BTW, have you checked your HDD for bad sector. Check it.


----------



## Krow (May 27, 2009)

*@ topgear* I extracted Burnout on my friends laptop and I installed it there. I copied the install folder from program files on a PD and pasted it to my HDD. Voila - The Game WORKED! But, I'm looking for a solution to this extraction problem. I dnt think there are any bad sectors as chkdsk dint report any and my HDD is a brand new replacement 7200.12 500GB frm Seagate. I'll try Universal extractor and let u knw.

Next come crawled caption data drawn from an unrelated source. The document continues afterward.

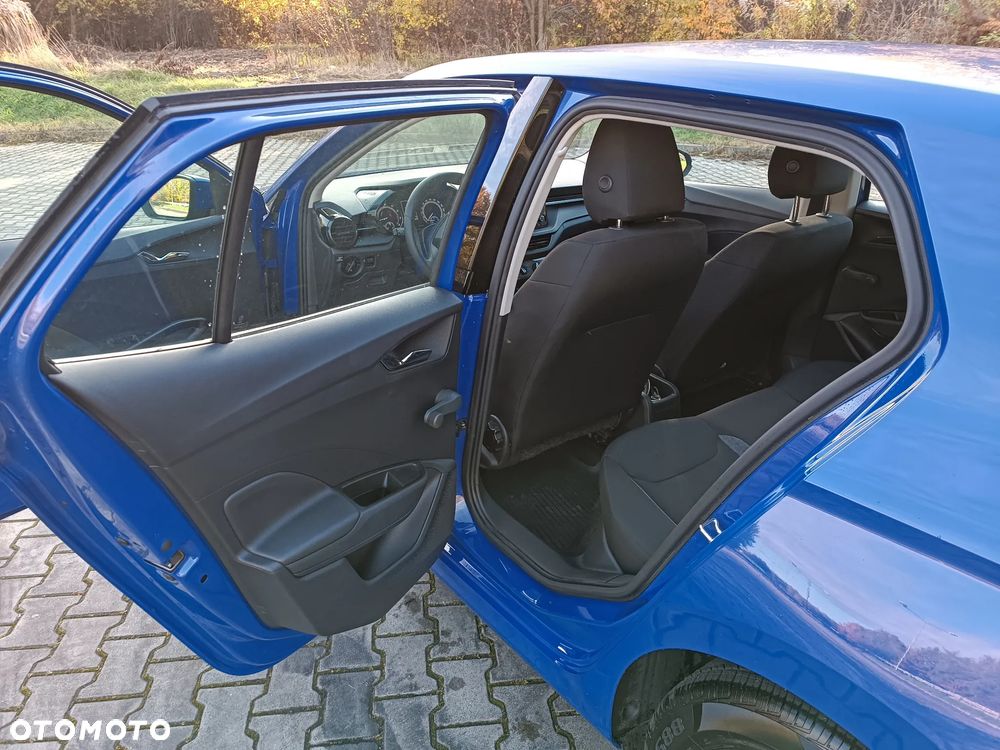 Skoda Fabia 1.0 Active - 14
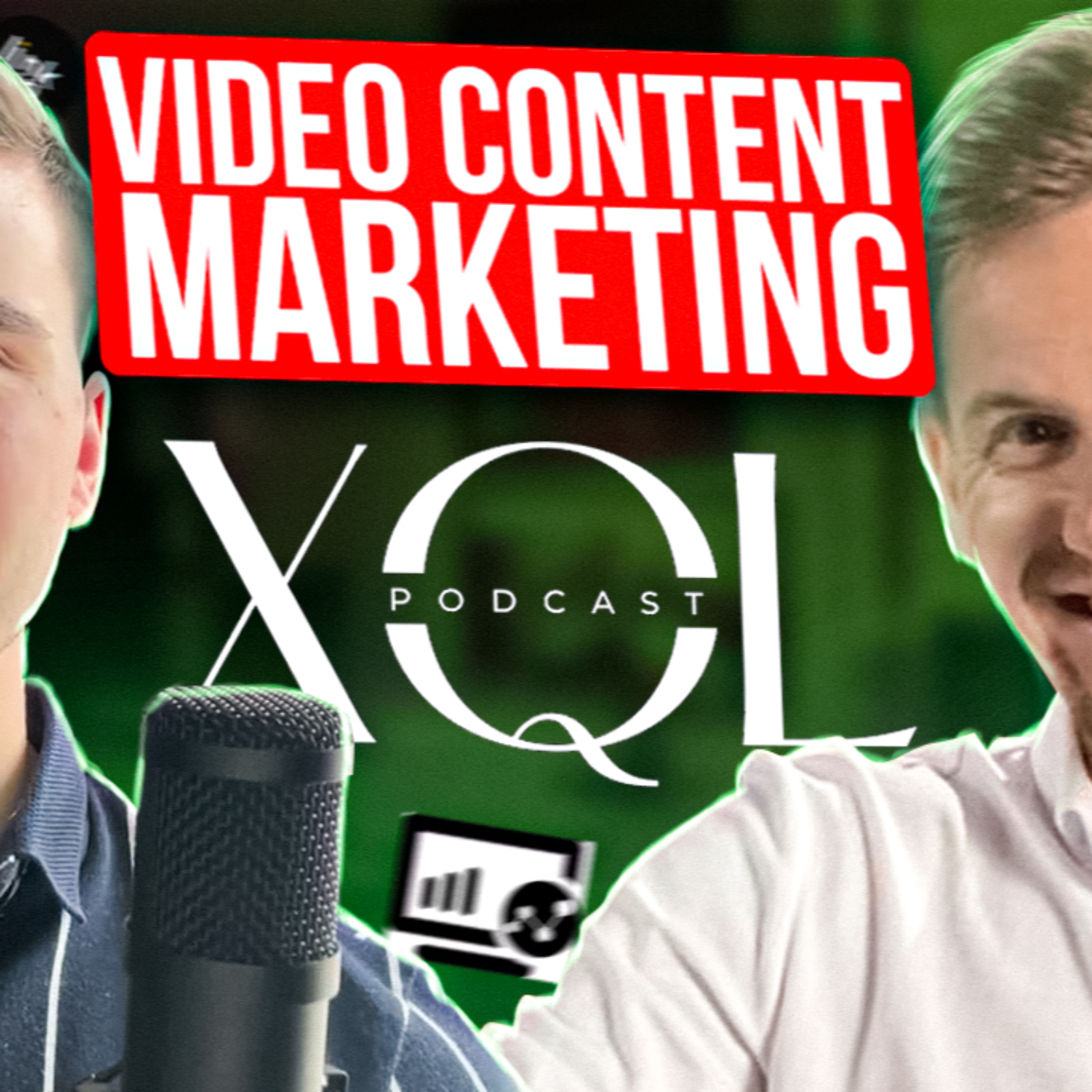 XQL Podcast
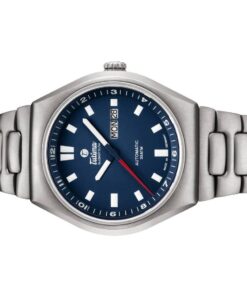 Alternative view of Tutima-Glashütte M2 Coastline 6150-02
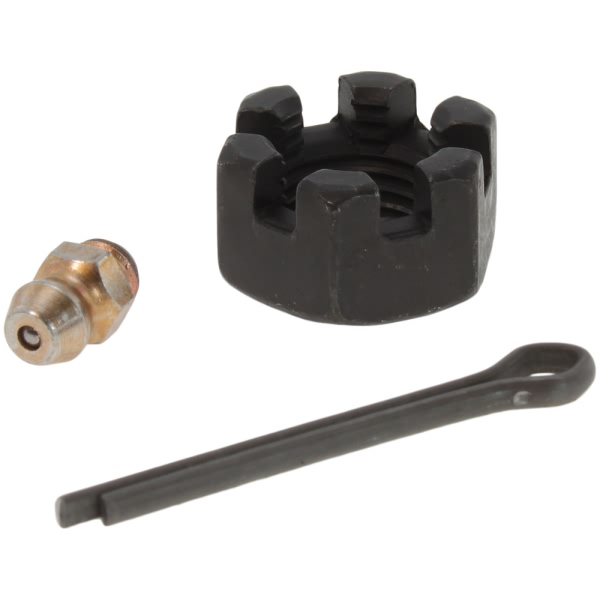 Centric Premium™ Front Driver Side Outer Steering Tie Rod End 612.61032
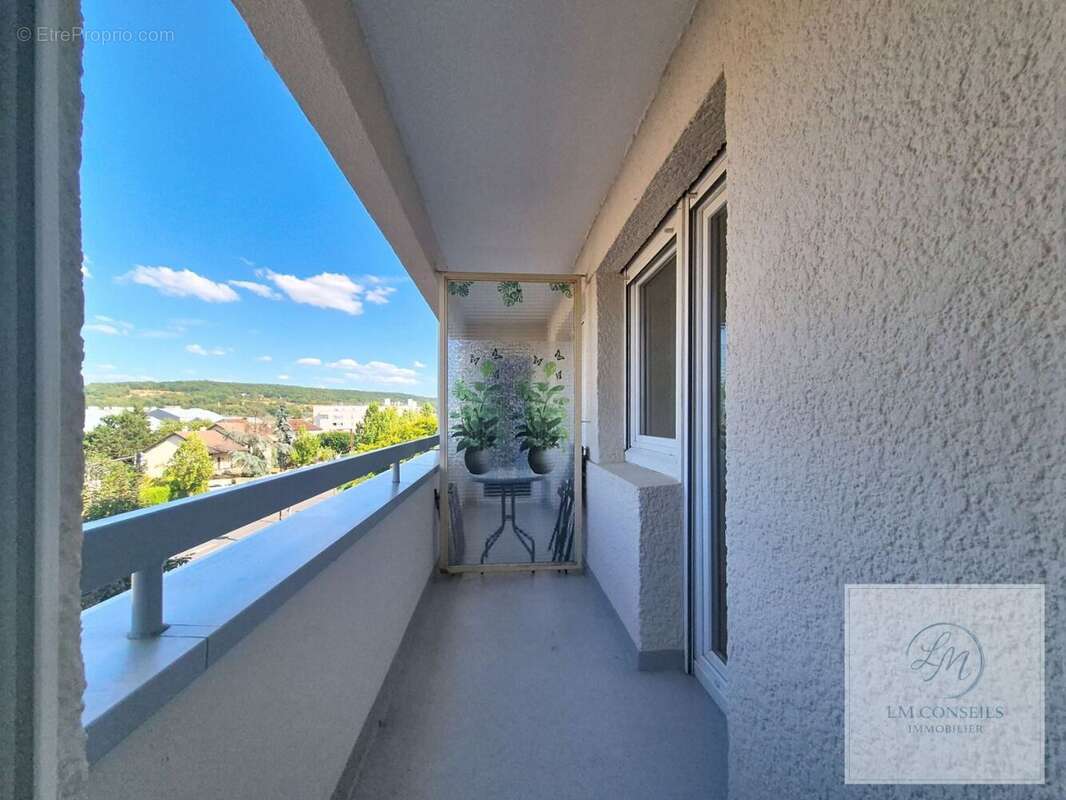 Appartement 81 m² à Champigneulles  - photo 5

*@ dOm1naTOr* I'll try the NCRC command. Memory checking software? Can u suggest some?


----------



## Krow (May 27, 2009)

*@ dOm1naTOr *Can u please tell me how to use the command line? I managed to run the 7z file, even when i entered the /ncrc parameter, the 7z file opened, no extraction started.


----------



## Krow (May 27, 2009)

Okay! I ran this freeware utility called MemTest 3.8!

*www.snapfiles.com/download/dlmemtest.html

I put 735MBytes of Ram for testing and before 6.7% of testing, I already got 42 Errors!!! Can ne1 Please download this utility and verify that their RAM is working just fine under MemTest? The Utility says that good RAM should be able to run this test for weeks without errors!

Thanks *dOm1naTOr & **topgear *!

I'll try running my PC on only one stick at a time and see if that helps.


----------



## Krow (May 27, 2009)

Traced the prob to my transcend 1gb module. The file extracted just fine on the error-free Hitachi 512MB. Will hv to w8 until Saturday(when my new rig arrives) to play it seems!


Thanks a lot guys! I really appreciate all ur help!


----------



## himanshu_game (May 27, 2009)

on which type of partition u extracting files??


----------



## Krow (May 27, 2009)

^^^NTFS, btw I found the solution to my prob - replace the faulty RAM stick.

*@ topgear* Thanks for that software suggestion. Its fun extracting from exe's now! Awesome software!


----------



## topgear (May 28, 2009)

^^ Glad to know that you figured out the prob.

BTW, universal extractor can extract from most kind of archive files & yeah, it's really a swiss army knife in your software arsenal 

& memtest is one of the best memory error check tool. So you can rely on it's results.


----------